Indeks News – Komisi Pemberantasan Korupsi (KPK) kembali menyoroti Provinsi Riau sebagai salah satu zona merah korupsi di Indonesia, menyusul operasi tangkap tangan (OTT) Gubernur Riau Abdul Wahid bersama sejumlah bawahannya yang dilakukan pekan ini.
Wakil Ketua KPK Johanis Tanak menegaskan, praktik korupsi di Riau masih marak dan sistemik, dengan beragam modus mulai dari suap, gratifikasi, hingga penyalahgunaan anggaran daerah.
Ia menilai kondisi ini menunjukkan perlunya langkah konkret untuk memperbaiki tata kelola pemerintahan di daerah tersebut.
“Praktik ini menunjukkan masih terjadinya dugaan tindak pidana korupsi dengan berbagai modus yang beragam. Karena itu, perlu dilakukan upaya mitigasi dan pencegahan korupsi ke depannya dengan lebih serius,” ujar Johanis Tanak dalam konferensi pers di Gedung Merah Putih KPK, Jakarta, Selasa (4/11/2025).
Tanak menjelaskan, melalui fungsi koordinasi dan supervisi, KPK terus mendorong perbaikan di lingkungan Pemerintah Provinsi (Pemprov) Riau, terutama pada tiga aspek krusial perencanaan, penganggaran, serta pengadaan barang dan jasa (PBJ).
“KPK tidak hanya melakukan penindakan, tetapi juga memastikan sistem pemerintahan daerah lebih transparan dan akuntabel,” tegasnya.
Turunnya Skor Integritas Riau: Sinyal Bahaya Korupsi Struktural
Menurut Johanis, capaian perbaikan integritas Pemprov Riau dapat dilihat dari dua indikator utama, yakni Survei Penilaian Integritas (SPI) dan Monitoring Controlling Surveillance for Prevention (MCSP). Hasil survei terbaru justru menunjukkan tren penurunan tajam.
Pada tahun 2023, skor SPI Provinsi Riau mencatat nilai 68,80, dengan komponen PBJ pada dimensi internal mencapai 84,92.
Namun pada 2024, skor itu anjlok menjadi 62,83, sementara nilai PBJ juga turun menjadi 63,69 poin.
Di sisi lain, hasil pemantauan melalui MCSP menunjukkan kenaikan tipis dari 80 menjadi 81 poin, tetapi komponen PBJ justru anjlok drastis, dari 100 menjadi 75 poin.
“Penurunan ini adalah alarm keras bagi Pemprov Riau untuk segera memperkuat sistem integritas dan pengawasan internal,” tambah Johanis.

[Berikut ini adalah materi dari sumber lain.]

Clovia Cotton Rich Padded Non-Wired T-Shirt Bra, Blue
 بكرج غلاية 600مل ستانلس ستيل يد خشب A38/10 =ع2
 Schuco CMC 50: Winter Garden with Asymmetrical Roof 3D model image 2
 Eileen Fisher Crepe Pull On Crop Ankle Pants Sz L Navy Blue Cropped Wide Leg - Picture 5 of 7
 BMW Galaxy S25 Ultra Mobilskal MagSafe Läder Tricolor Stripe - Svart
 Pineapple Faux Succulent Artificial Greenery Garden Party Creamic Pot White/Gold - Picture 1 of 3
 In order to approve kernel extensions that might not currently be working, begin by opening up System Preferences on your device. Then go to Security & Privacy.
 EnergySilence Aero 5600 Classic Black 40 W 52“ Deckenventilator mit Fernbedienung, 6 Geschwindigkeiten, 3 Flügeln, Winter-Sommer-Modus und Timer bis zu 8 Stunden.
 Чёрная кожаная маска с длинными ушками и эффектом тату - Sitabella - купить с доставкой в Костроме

KPK Desak Reformasi Tata Kelola Riau
Tanak menegaskan, temuan ini harus menjadi peringatan keras bagi seluruh jajaran Pemprov Riau.
Pemerintah daerah diminta melakukan reformasi total tata kelola, mulai dari perencanaan program, pengadaan barang dan jasa, hingga pengawasan internal.
“Kegiatan tangkap tangan ini harus menjadi momentum introspeksi dan komitmen bersama untuk memperkuat transparansi, khususnya dalam pengadaan barang dan jasa,” tutup Johanis Tanak.